Crawled caption data
####

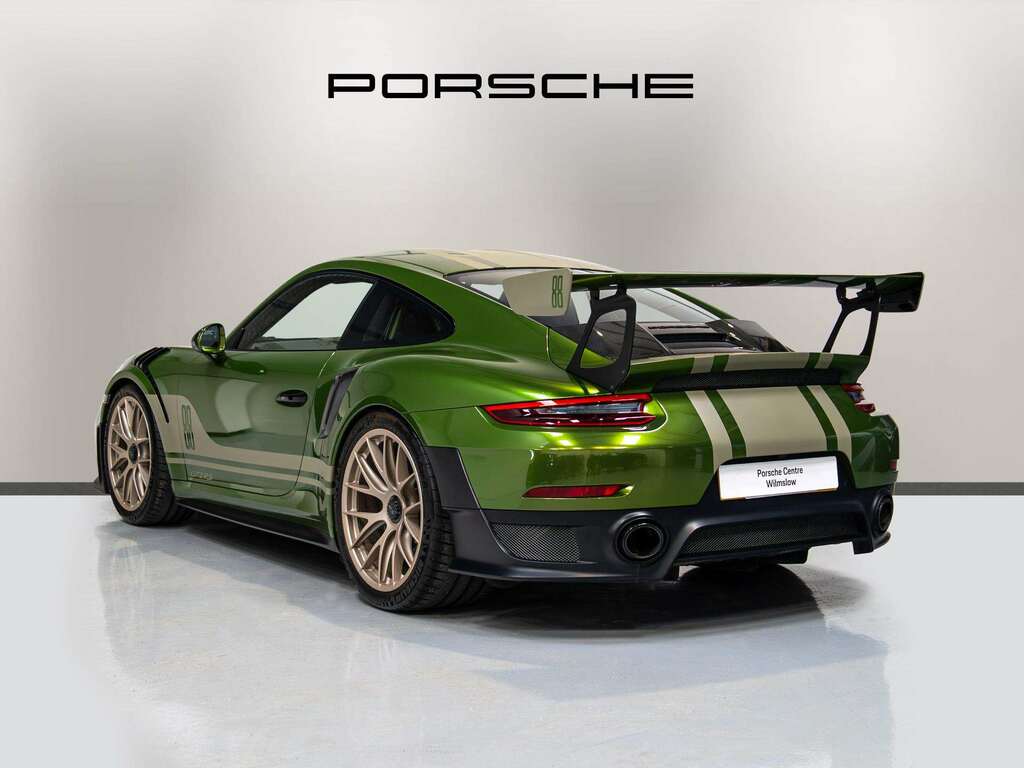 Porsche 911 Gt2 Rs S-a 2018 Green #4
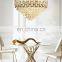 Modern fashion simple luxury K9 clear Crystal Ceiling Lighting Chandelier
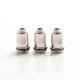 Authentic IJOY Jupiter Pod System Vape Kit / Cartridge Replacement Mesh-J2 Coil Head - Silver, 0.6ohm (20~30W) (3 PCS)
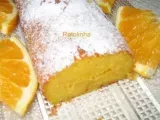 Receita Torta / rolo de laranja
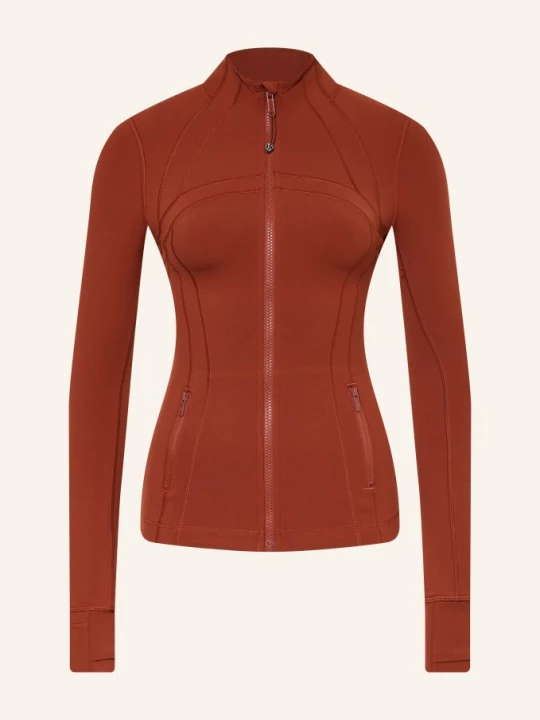 Obrázek produktu Lululemon Jóga Bunda Define Nulu™ tmavě červená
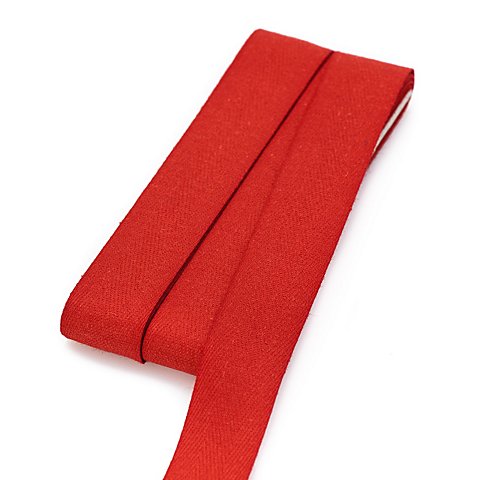buttinette Nahtband, rot, Breite: 2 cm, 5 m von buttinette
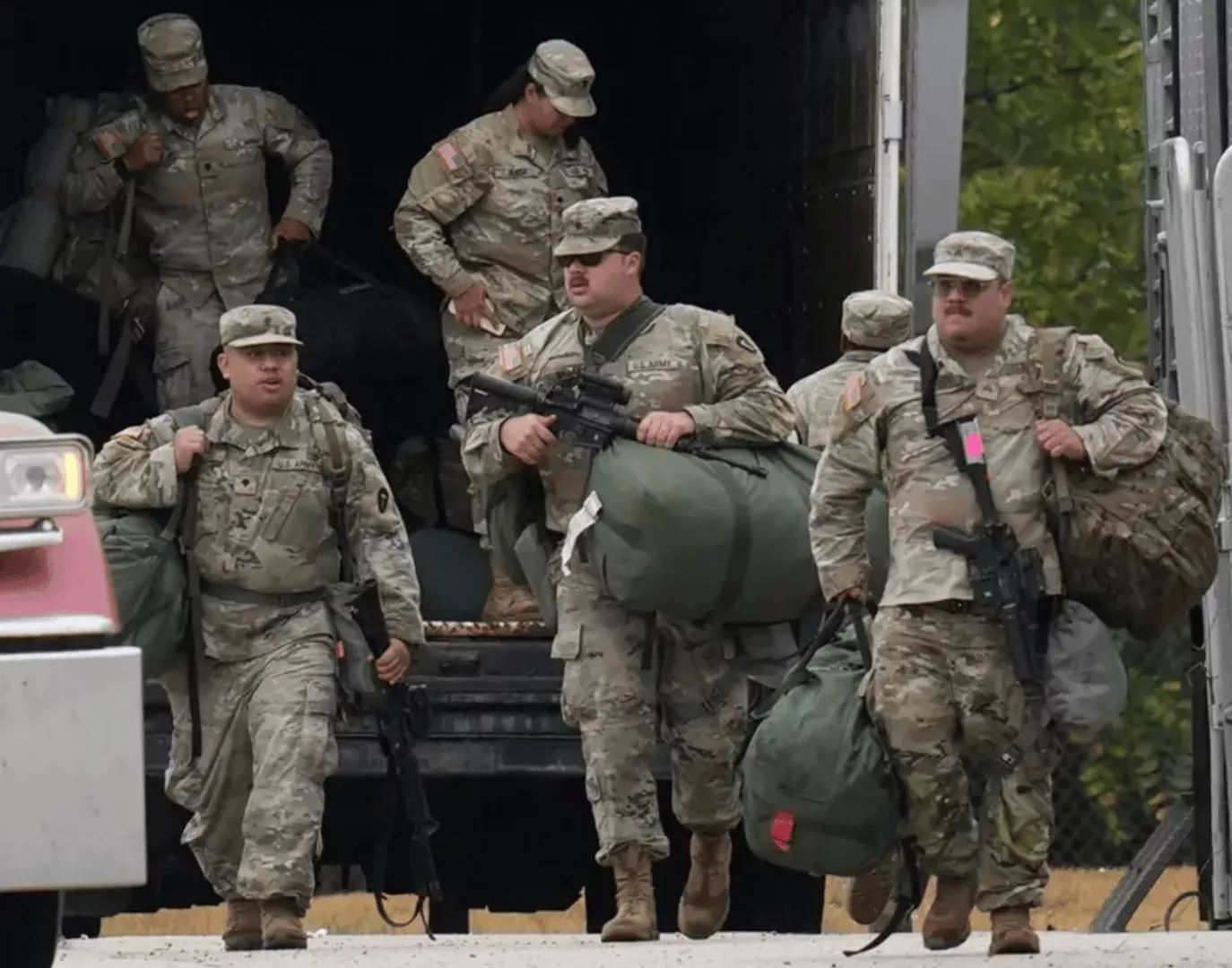 肥胖率超20%,美防长撤换超重士兵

####

■ **Task instructions**:
What is needed is every entry written out word for word, with no pictures.

■ **Answer space**:
 Porsche 911 Gt2 Rs S-a 2018 Green #4
 Modern fashion simple luxury K9 clear Crystal Ceiling Lighting Chandelier
 Authentic IJOY Jupiter Pod System Vape Kit / Cartridge Replacement Mesh-J2 Coil Head - Silver, 0.6ohm (20~30W) (3 PCS)
 Receita Torta / rolo de laranja
 Obrázek produktu Lululemon Jóga Bunda Define Nulu™ tmavě červená
buttinette Nahtband, rot, Breite: 2 cm, 5 m von buttinette
 肥胖率超20%,美防长撤换超重士兵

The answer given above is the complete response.